1

I have a text from which I want to extract the first two paragraphs. The text consists of several paragraphs seperated by empty lines. The paragraphs themselves can contain line breaks. What I want to extract is everything from the beginning of the text until the second empty line. This is the original text:

Today I meet my friends in Kyiv to celebrate my new permanent residency status in Ukraine.
Then I went to a nice restaurant with them.

Buy me a Beer: https://www.buymeacoffee.com/johnnyfd

Support the GoFundMe: http://gofundme.com/f/send-money-dire...

Follow Me: 

The text I want to have is:

Today I meet my friends in Kyiv to celebrate my new permanent residency status in Ukraine.
Then I went to a nice restaurant with them.

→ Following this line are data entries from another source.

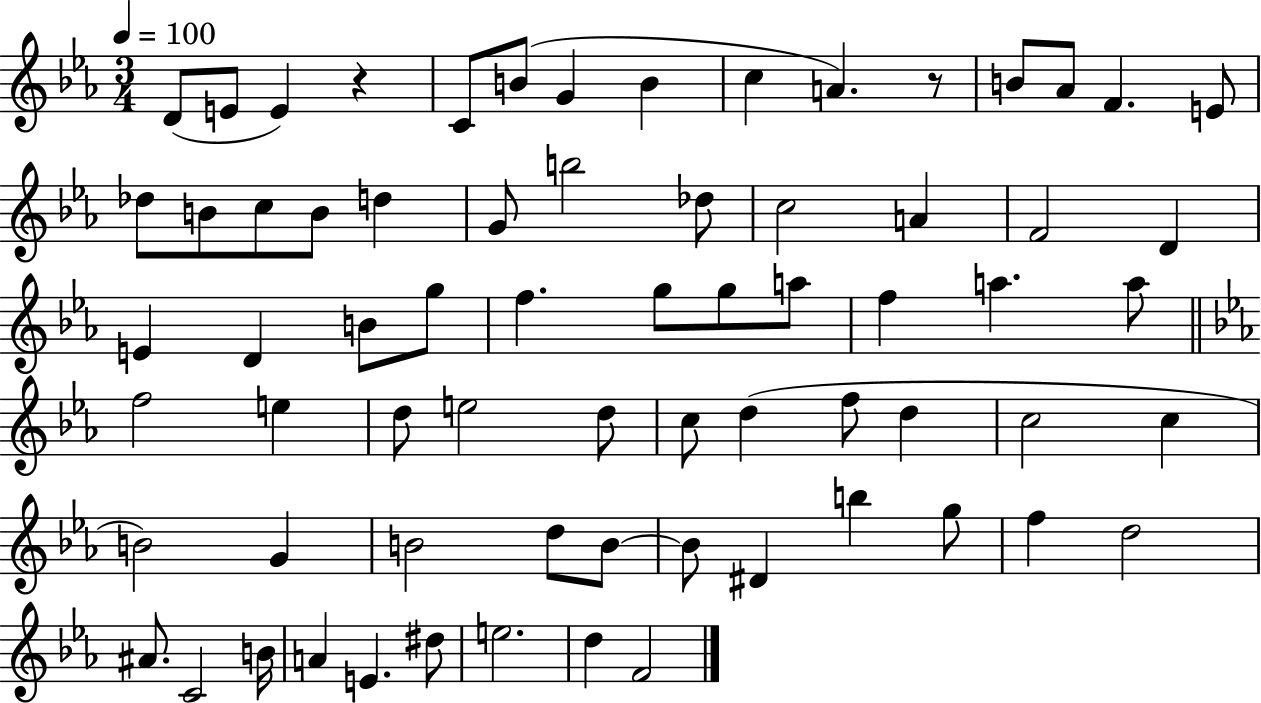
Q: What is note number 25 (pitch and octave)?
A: D4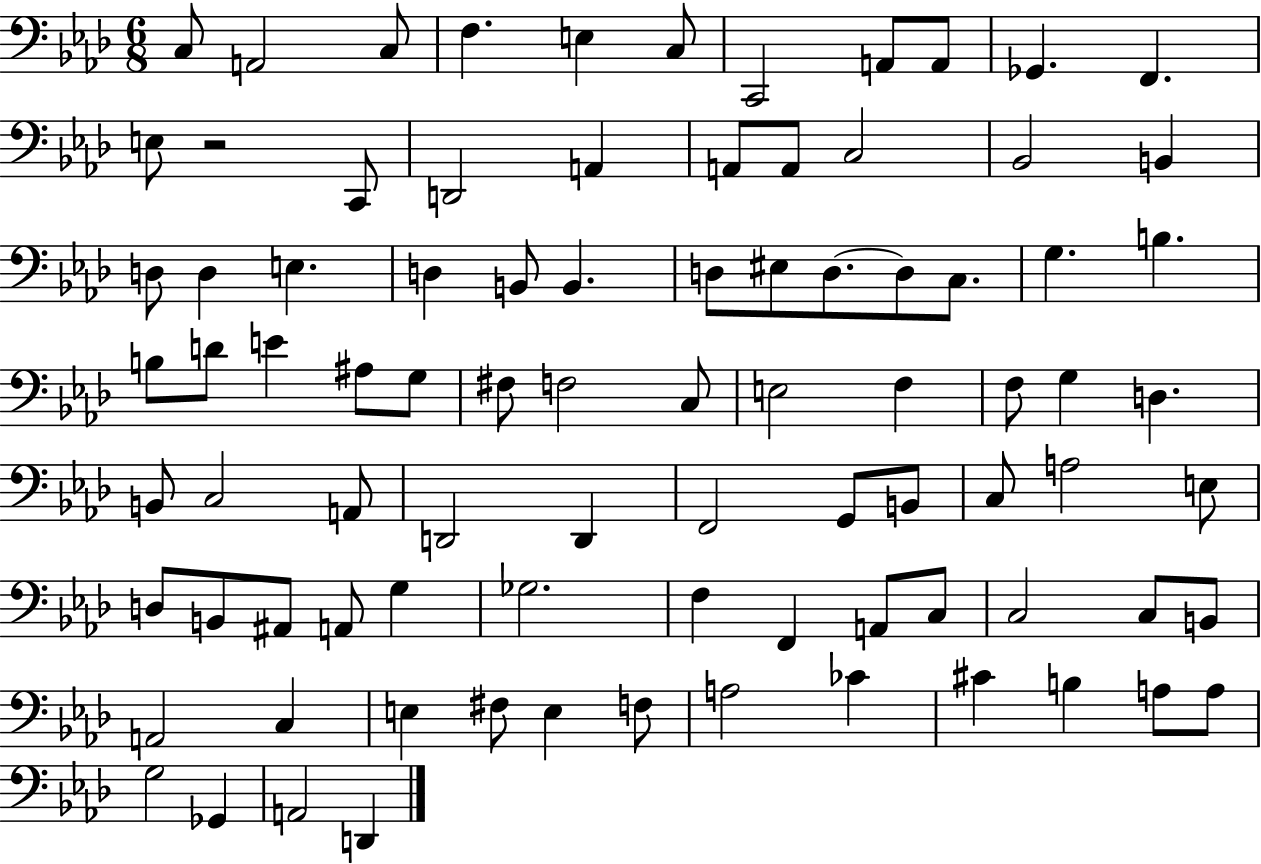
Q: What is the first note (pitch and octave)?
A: C3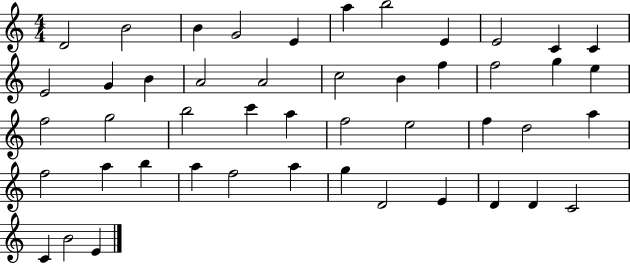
{
  \clef treble
  \numericTimeSignature
  \time 4/4
  \key c \major
  d'2 b'2 | b'4 g'2 e'4 | a''4 b''2 e'4 | e'2 c'4 c'4 | \break e'2 g'4 b'4 | a'2 a'2 | c''2 b'4 f''4 | f''2 g''4 e''4 | \break f''2 g''2 | b''2 c'''4 a''4 | f''2 e''2 | f''4 d''2 a''4 | \break f''2 a''4 b''4 | a''4 f''2 a''4 | g''4 d'2 e'4 | d'4 d'4 c'2 | \break c'4 b'2 e'4 | \bar "|."
}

Buy me a Beer: https://www.buymeacoffee.com/johnnyfd

I tried to create a regular expression doing the job and I though the following seemed to be a possible solution:

(.*|\n)*(?:[[:blank:]]*\n){2,}(.*|\n)*(?:[[:blank:]]*\n){2,}

When I use it in R in stri_extract_all_regex, I receive the following error:

Error in stri_extract_all_regex(video_desc_orig, "(.*|\n)*?(?:[[:blank:]]*\n){2,}(.*?|\n)*(?:[[:blank:]]*\n){2,}") : 
  Regular expression backtrack stack overflow. (U_REGEX_STACK_OVERFLOW)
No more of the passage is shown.